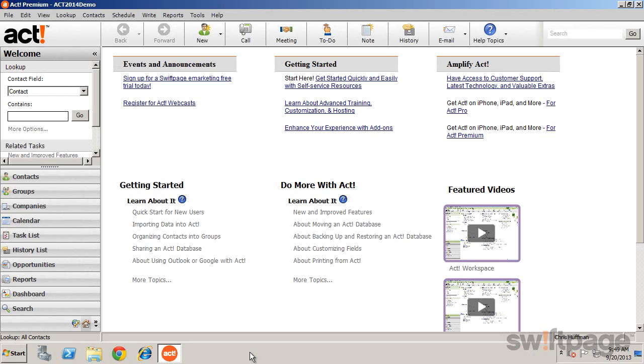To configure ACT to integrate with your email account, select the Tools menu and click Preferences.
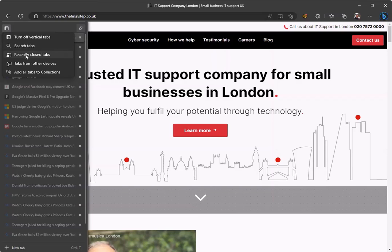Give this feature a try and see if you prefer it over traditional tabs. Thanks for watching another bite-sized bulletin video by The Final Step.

==

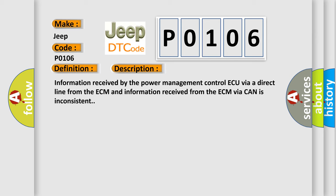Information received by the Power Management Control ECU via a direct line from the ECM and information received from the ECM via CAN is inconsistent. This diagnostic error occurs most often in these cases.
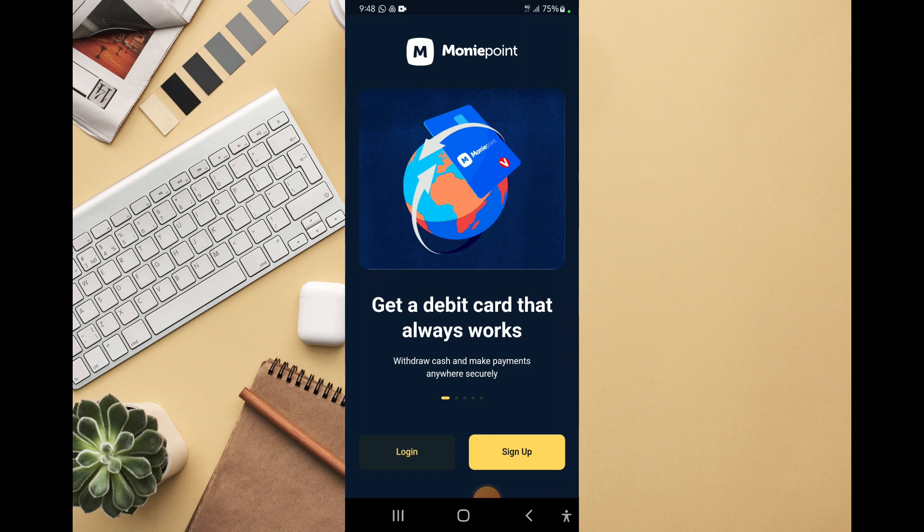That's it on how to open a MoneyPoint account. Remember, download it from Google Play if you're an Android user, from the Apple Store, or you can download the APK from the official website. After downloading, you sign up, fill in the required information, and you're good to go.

• [Exercise description] Using the listing above, reproduce word for word every line from the one containing "To configure ACT" through the one containing "Give this feature". Pictures must be left out.

• [Reply]
To configure ACT to integrate with your email account, select the Tools menu and click Preferences.
Give this feature a try and see if you prefer it over traditional tabs. Thanks for watching another bite-sized bulletin video by The Final Step.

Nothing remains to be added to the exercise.